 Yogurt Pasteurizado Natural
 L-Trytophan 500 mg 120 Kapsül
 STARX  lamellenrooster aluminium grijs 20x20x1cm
--
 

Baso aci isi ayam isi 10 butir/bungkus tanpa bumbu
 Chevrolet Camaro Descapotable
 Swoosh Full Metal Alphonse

**About this exercise**
Output only an exact transcription of the lines above from the one with "Baso aci isi" up to and including the one with "Swoosh Full Metal Alphonse".

**Answer to this exercise**
Baso aci isi ayam isi 10 butir/bungkus tanpa bumbu
 Chevrolet Camaro Descapotable
 Swoosh Full Metal Alphonse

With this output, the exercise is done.